Está fora de si. A frase expressa uma atitude de descrença para com Jesus da parte daqueles que, humanamente, estavam mais próximos dele.

 

*          3.22     Belzebu. O termo grego beelzeboul, o deus de Ecrom (2Rs 1.2; Mt 10.25, nota). Os fariseus usam esta palavra como um nome para Satanás, e acusam Jesus de expulsar demônios pelo poder de Satanás.

 

*          3.23-27           parábolas. Ver nota em 4.2. Esta parábola ilustra a declaração de Jesus de que o reino já chegou (Mt 12.28), porque um mais forte do que “o valente” está presente e é capaz de amarrar Satanás e livrar o povo de seus domínios.

 

*          3.29     blasfemar contra o Espírito Santo.  Para várias formas de blasfêmias, ver 2.7; Êx 22.28; Lv 24.10-16; Ez 35.12,13; Jo 10.33-36; At 6.11. A blasfêmia imperdoável especificada aqui é o ato de associar, deliberadamente, o poder e a obra de Jesus — que está cheio do Espírito Santo — com a obra de Satanás.
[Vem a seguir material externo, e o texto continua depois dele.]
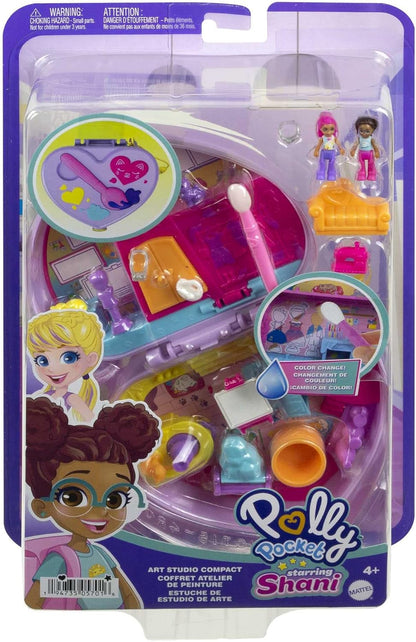 Polly Pocket, estrelado por Shani Art Studio Compact, Micro Shani e Friend Dolls, 5 revelações, 12 acessórios, recurso Pop and Swap, 4 e superior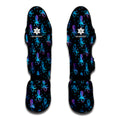 Purple And Teal Octopus Pattern Print Muay Thai Shin Guards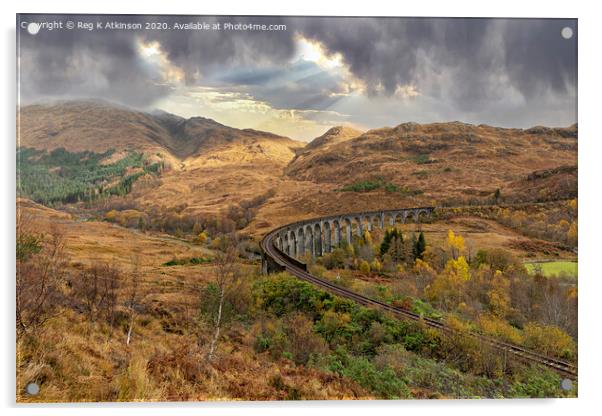 Glenfinnan and The Viaduct Acrylic by Reg K Atkinson
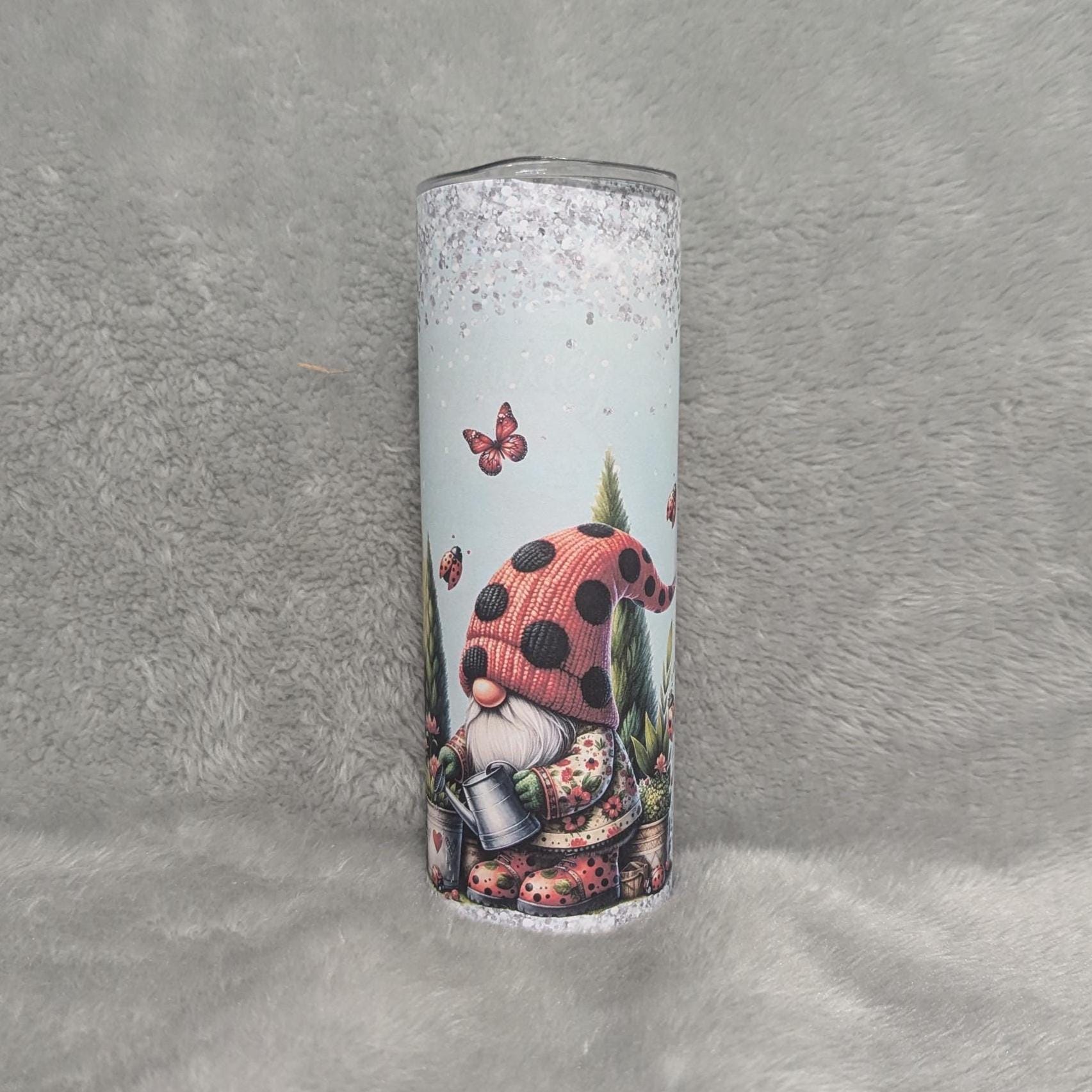 Ladybug Gnome Tumbler 20oz With Reusable Straw, Can Be Personalized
Isto é identificar o bem espiritual supremo com o mal espiritual supremo endurecendo o coração de maneira a tornar o arrependimento — e, portanto, o perdão — impossíveis. Ver nota teológica “O Pecado Imperdoável”, índice.

 

*          3.31 mãe... irmãos. Ver v. 21 e nota. Os estudiosos católicos romanos, para quem a virgindade eterna de Maria é um dogma, sustentam que “irmãos” pode referir-se a relacionamentos mais amplos de família, apontando para Gn 13.8; 14.16; Lv 10.4; 1Cr 23.22. Contudo, em Marcos o termo parece ser sempre usado para significar irmãos de sangue dos mesmos pais. Mt 1.25 indica que Maria e José começaram a ter relações conjugais normais, depois do nascimento de Jesus, acrescentando um sentido adicional à designação de Lucas (2.7), onde Jesus é chamado o “primogênito” de Maria.

 

*          3.35     qualquer que fizer a vontade de Deus. A chegada do reino de Deus muda os relacionamentos humanos. Os que se opõem ao seu progresso — quer sejam mães ou irmãos — devem ser deixados; os que estão no reino se tornam nossos amigos mais íntimos, mais próximos e mais queridos que quaisquer outros.